De plain-pied dans le néo-libéralisme

Le football est un sport populaire par essence. Il n’est besoin de rien, ou presque, pour le pratiquer et historiquement, ce sont les tribunes dites populaires qui ont animé les stades. Mais voilà, dans ces tribunes se sont crées des groupes contestataires, indépendants et parfois violents (de plus en plus rarement) et ces groupes sont un caillou dans la chaussure des thuriféraires de ce football moderne qu’on appelle « foot business ». Cette tournure moderne n’est autre que l’entrée du football dans le néo-libéralisme : les clubs sont aujourd’hui de véritables firmes multinationales, la dérégulation économique est devenue la règle et les sommes en jeu sont exorbitantes.
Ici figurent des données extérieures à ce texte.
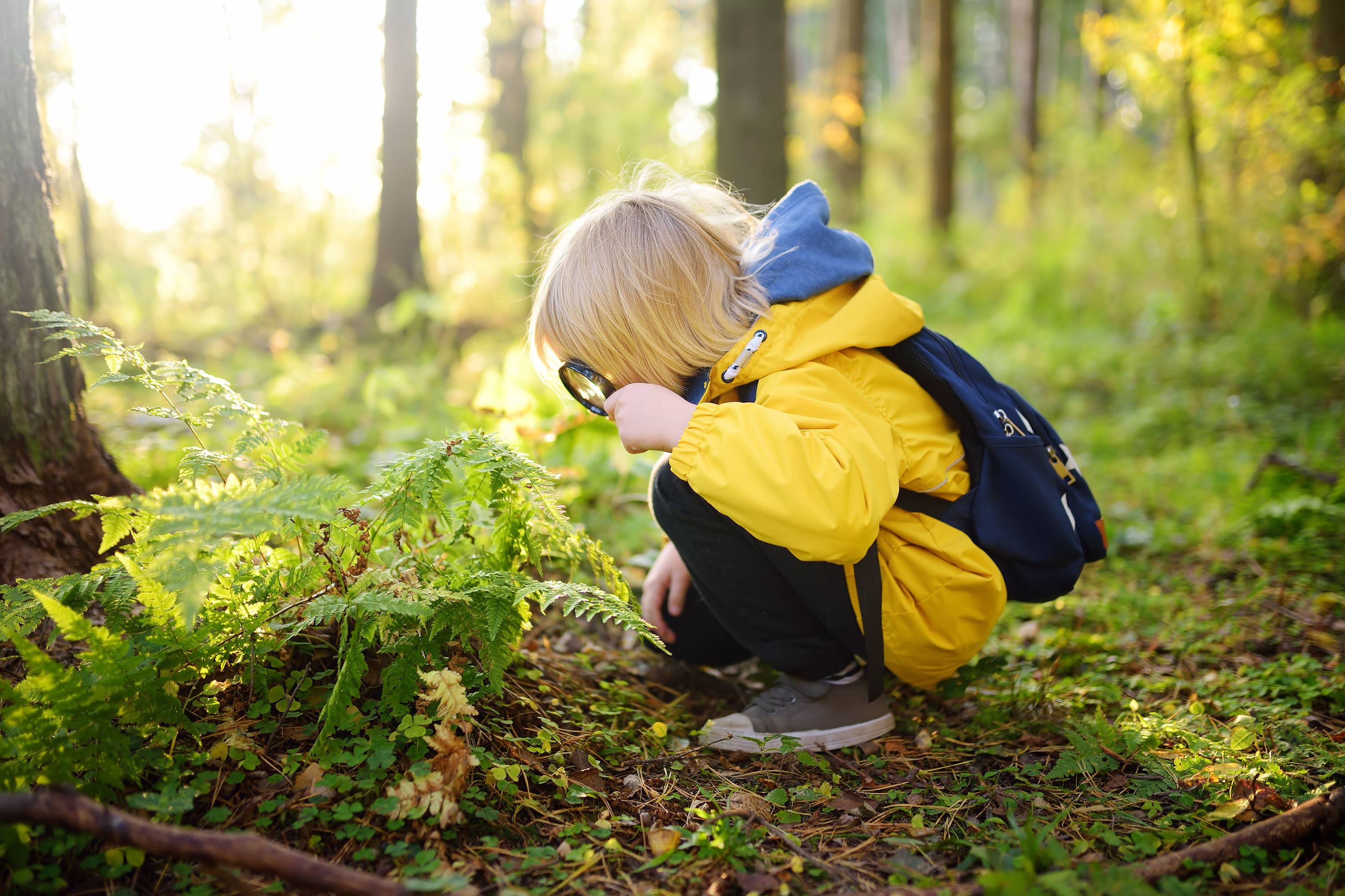 Santé, environnement et biodiversité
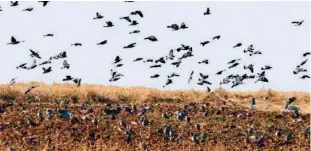  ??  ?? Las palomas son una plaga mundial. En la Argentina diezman entre el 5 y 25 % de las cosechas.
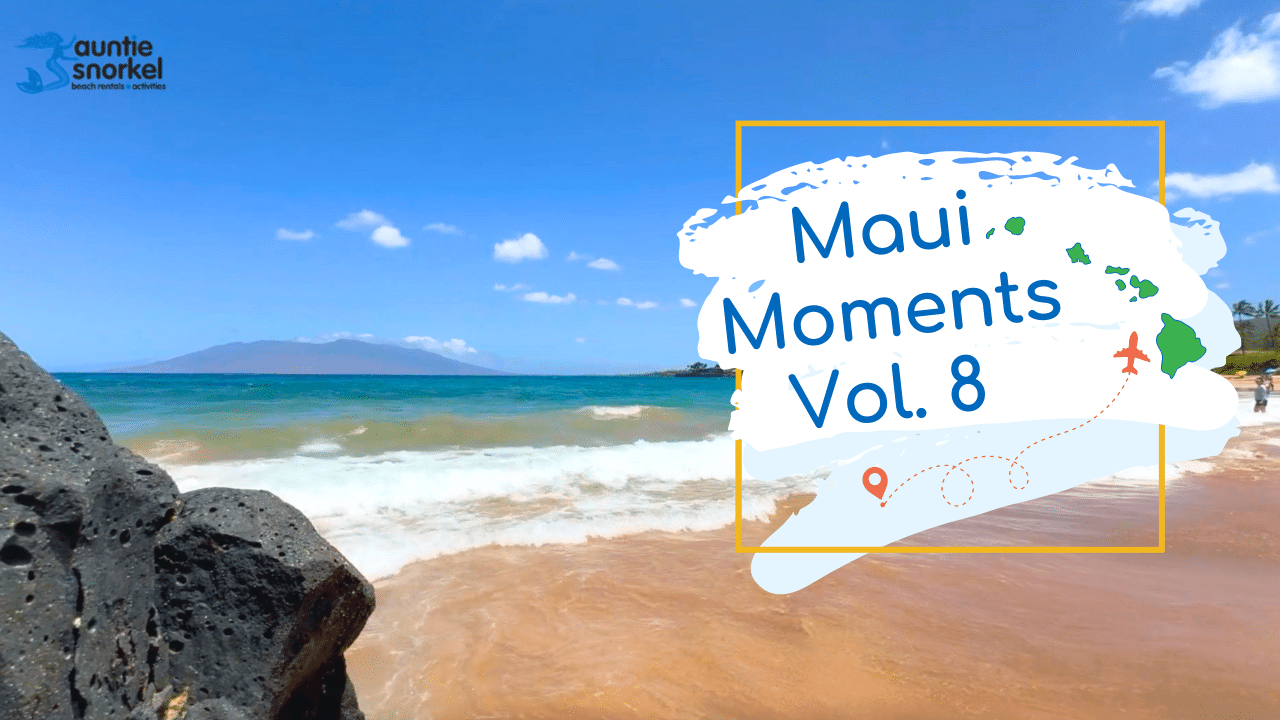 Maui Moments Thumbnail Vol 8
Une oligarchie est en train de faire main basse sur le football. Rien qu’en France, de François Pinault aux oligarques russes en passant par les hautes sphères des pouvoirs qatari et azerbaïdjanais, plusieurs milliardaires ont acheté un club. Et ces milliardaires, avec la complicité bienveillante des États, entendent bien adapter le football à leur vision de la société : un monde des stades sécuritaire mais liberticide, où l’ordre règne mais qui manque cruellement de passion et surtout – surtout ! - un monde dans lequel les prix pratiqués débarrasseraient les stades des pauvres, ces pauvres qui ne peuvent pas acheter les produits dérivés. Car au stade comme ailleurs, désormais, on vient pour consommer.